**Directions:** Output, exactly as written, the lines below from the one that has "Algabion DHA +" through the one that has "SANTELON Women Fashion"; nothing else, and no pictures.

+++

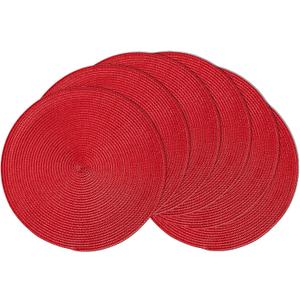 AHHFSMEI Round Braided Placemats 15 Inch Round Table Mats for Dining Tables Natural Woven Heat Resistant Place mats Set of 6(red)
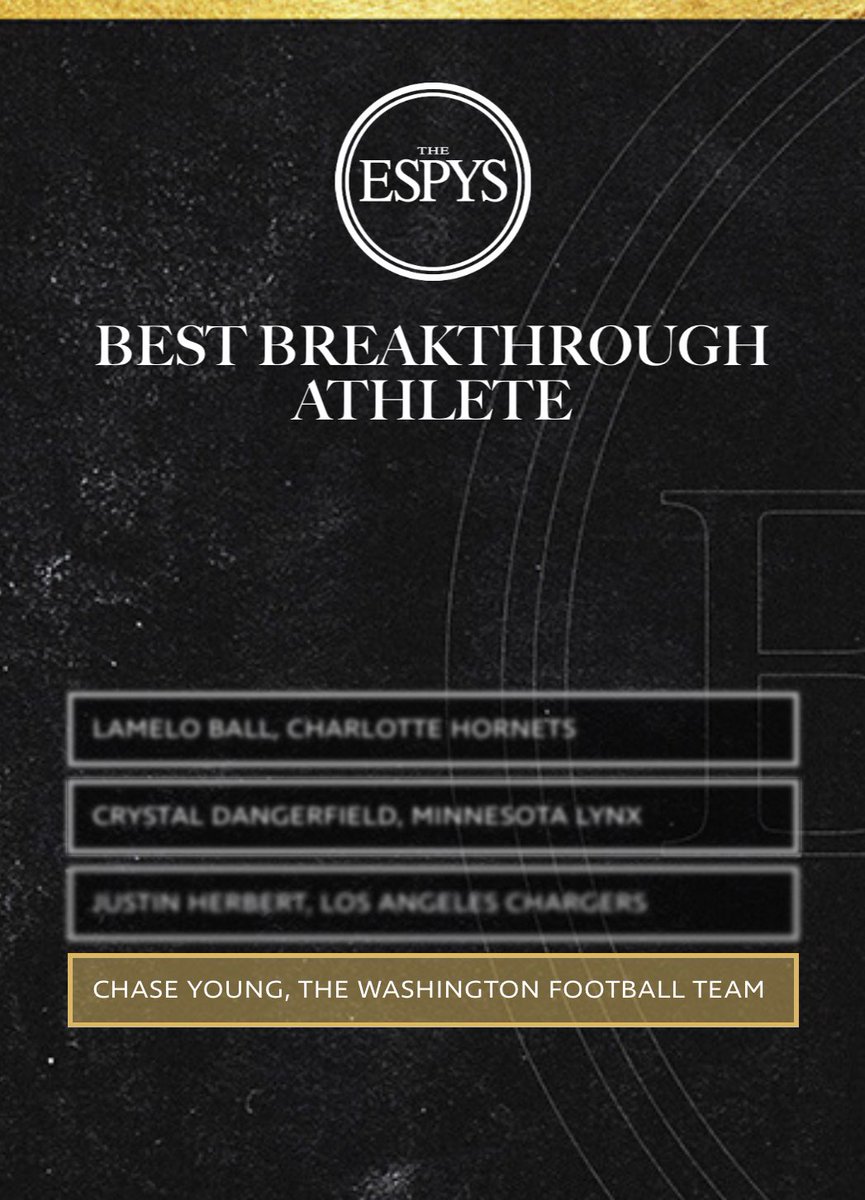 Grimm823's tweet photo. @WashingtonNFL @youngchase907 @ESPYS Chase is the only option. https://t.co/xd1iRjQBBv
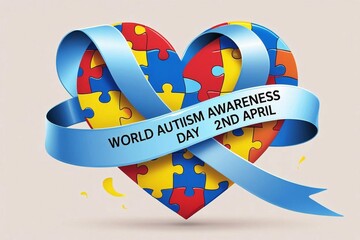 A heart-shaped puzzle made of blue, yellow, and red pieces is embraced by a flowing light blue awareness ribbon. 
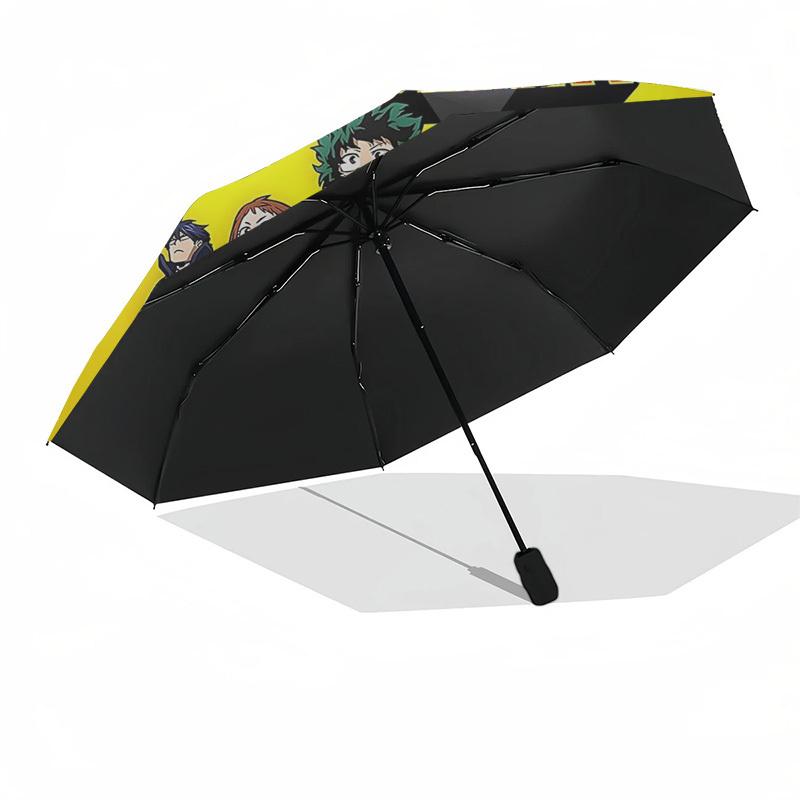 1pc My Hero Academia: Automatic Opening/Closing Umbrella with Portable Tri-Fold Design, 8-Bone Iron Frame - Outdoor for Fans, Travelers, Everyday Use,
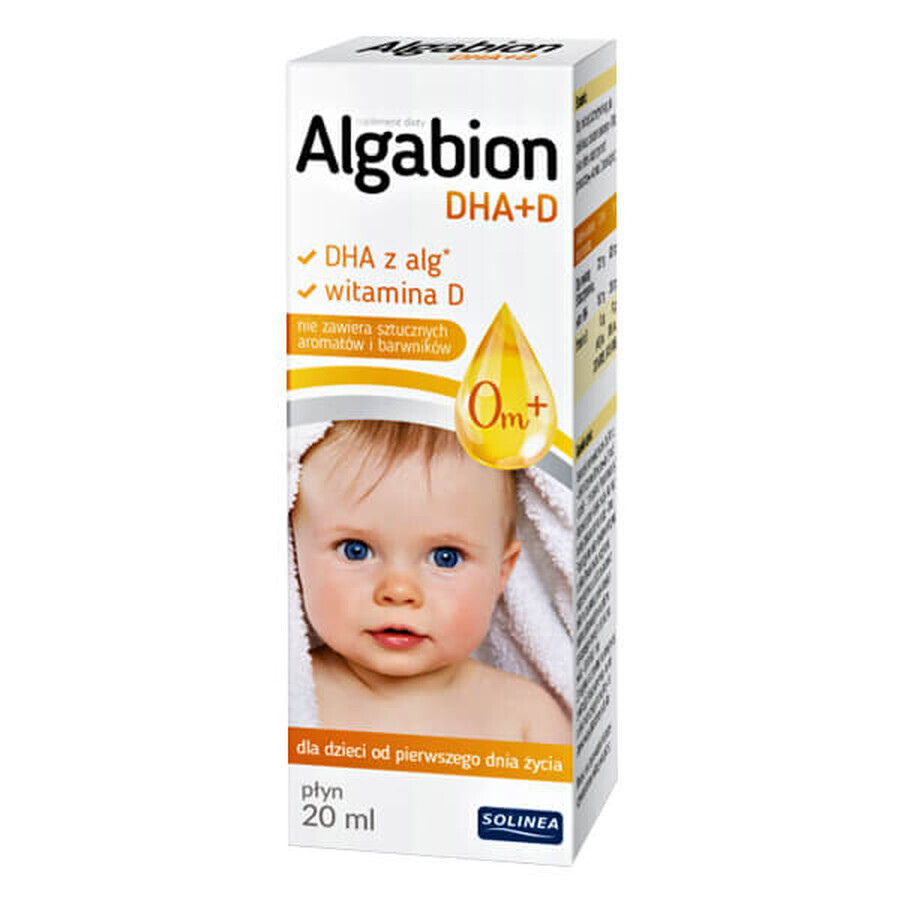 Algabion DHA + D, pour les enfants dès le premier jour de vie, 20 ml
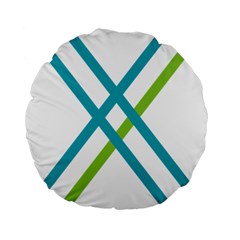 Symbol X Blue Green Sign Standard 15  Premium Flano Round Cushions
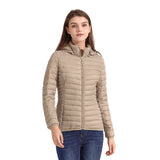 SANTELON Women Fashion Ultralight Padded Puffer Jacket Coat Lady Soild Lightweight Warm Outwear With Detachable Hood Storage Bag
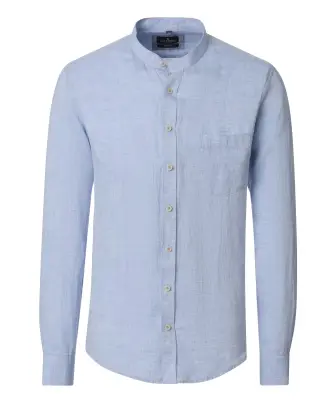CASA MODA CHEMISE LIN ML COL MAO Bleu ciel — photo 2
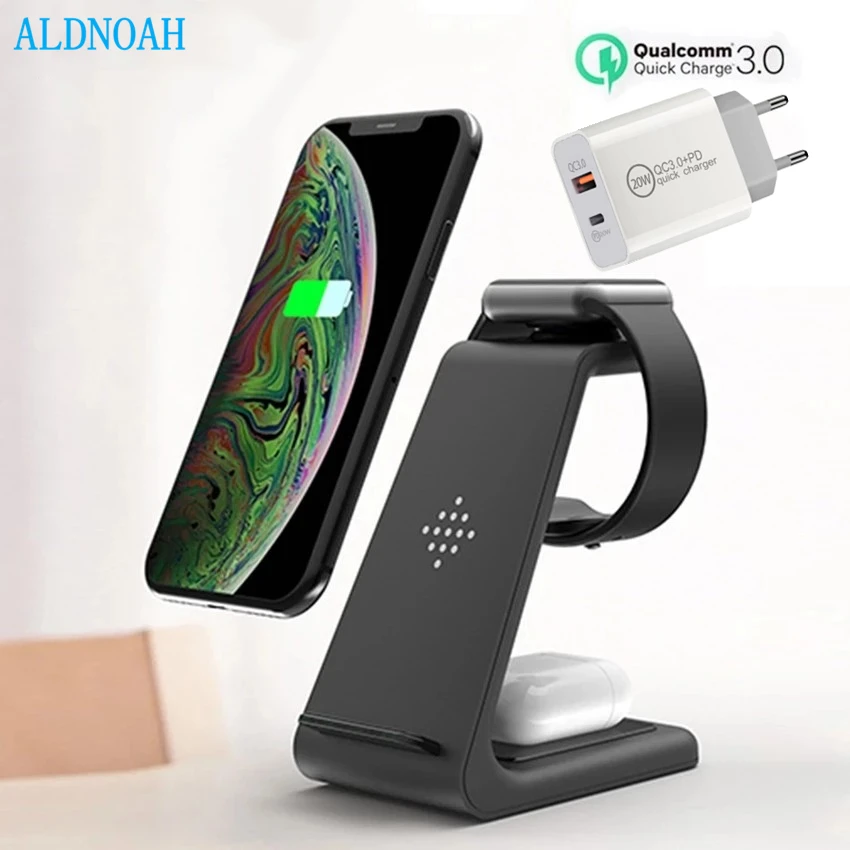 

3 in 1 Wireless Charger Station 15W Fast Charging Stand Dock for iPhone 13/12/11/8 Pro Max AirPods Apple iWatch 7 6 5 Samsung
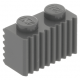LEGO kocka 1x2 rács mintával, sötétszürke (2877)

+++

**Output:**
 Algabion DHA + D, pour les enfants dès le premier jour de vie, 20 ml
 Symbol X Blue Green Sign Standard 15  Premium Flano Round Cushions
 SANTELON Women Fashion Ultralight Padded Puffer Jacket Coat Lady Soild Lightweight Warm Outwear With Detachable Hood Storage Bag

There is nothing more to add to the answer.